Monday, December 10, 2012

A Jesuit critique of Traditionalism

An interesting discussion of Traditionalism has been published by Damian Howard, a Christian theologian and Jesuit priest.

Howard's 2011 book, Being Human in Islam: The Impact of the Evolutionary Worldview (Abingdon: Routledge), deals with three Islamic approaches to the challenges raised by the theory of evolution. First come approaches inspired by Henri Bergson, second comes the Traditionalist approach, and third and last come approaches Howard places under the rubric of Islamization of knowledge--Syed Muhammad al-Attas and the International Institute of Islamic Thought (IIIT). None exactly mainstream in Islam, then, but all interesting. Howard explains his selection of Traditionalism on grounds of its inherent interest, and of the influence Traditionalist views have among non-Traditionalist Muslims, especially in the West.

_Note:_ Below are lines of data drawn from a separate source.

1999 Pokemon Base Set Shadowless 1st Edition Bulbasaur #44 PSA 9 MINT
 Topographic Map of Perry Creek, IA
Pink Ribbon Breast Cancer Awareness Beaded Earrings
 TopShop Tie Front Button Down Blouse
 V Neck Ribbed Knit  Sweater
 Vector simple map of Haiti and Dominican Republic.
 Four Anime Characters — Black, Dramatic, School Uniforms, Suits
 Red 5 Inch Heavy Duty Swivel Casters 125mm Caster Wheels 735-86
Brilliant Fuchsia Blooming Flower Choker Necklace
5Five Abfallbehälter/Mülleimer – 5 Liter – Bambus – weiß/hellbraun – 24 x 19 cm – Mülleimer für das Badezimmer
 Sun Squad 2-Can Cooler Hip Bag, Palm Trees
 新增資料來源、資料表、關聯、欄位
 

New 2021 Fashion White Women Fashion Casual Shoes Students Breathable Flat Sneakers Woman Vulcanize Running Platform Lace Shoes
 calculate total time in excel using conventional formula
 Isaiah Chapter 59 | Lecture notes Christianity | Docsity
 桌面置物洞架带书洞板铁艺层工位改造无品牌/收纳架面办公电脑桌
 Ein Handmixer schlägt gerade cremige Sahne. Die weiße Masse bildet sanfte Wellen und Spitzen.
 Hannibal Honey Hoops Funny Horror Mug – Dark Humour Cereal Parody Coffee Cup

For Howard, Traditionalism's rejection of evolution follows inevitably from its rejection of modernity--a rejection which he sees as itself problematic. Firstly, the Traditionalist conception of tradition is simply too all-inclusive: "it elides radically different models of revelation" (p. 110). Secondly, to see modernity as "pure negation of the transcendent" (p, 118) is to grant too much to modernity, in effect to accept modernity's own claim to be unique.

Howard himself would prefer to distinguish the major elements that he sees Traditionmalism lumping together as "tradition"--"emanationist metaphysics, initiatory esotericism, a theology of revelation" (p. 117)--and to see modernity as "a complex, multi-layered phenomenon" (p. 118).

An interesting critique, and an interesting book.

Geometric patterns

A forthcoming article in a new architectural journal, Frontiers of Architectural Research (Elsevier), deals comprehensively with Traditionalist approaches to geometric patterns.

This is an established topic among Traditionalists, on which Keith Critchlow, Titus Burckhardt, and--most famously--Nader Ardalan and Laleh Bakhtiar have all written. I do not, however, know of a major recent contribution in this area, so the article, "Geometric proportions: The underlying structure of design process for Islamic geometric patterns," is of interest.

The article is also of interest because its author, Loai Dabbour, is head of Architectural Engineering at Alzaytoonah University in Jordan, a country in which interest in Traditionalism has been noted before.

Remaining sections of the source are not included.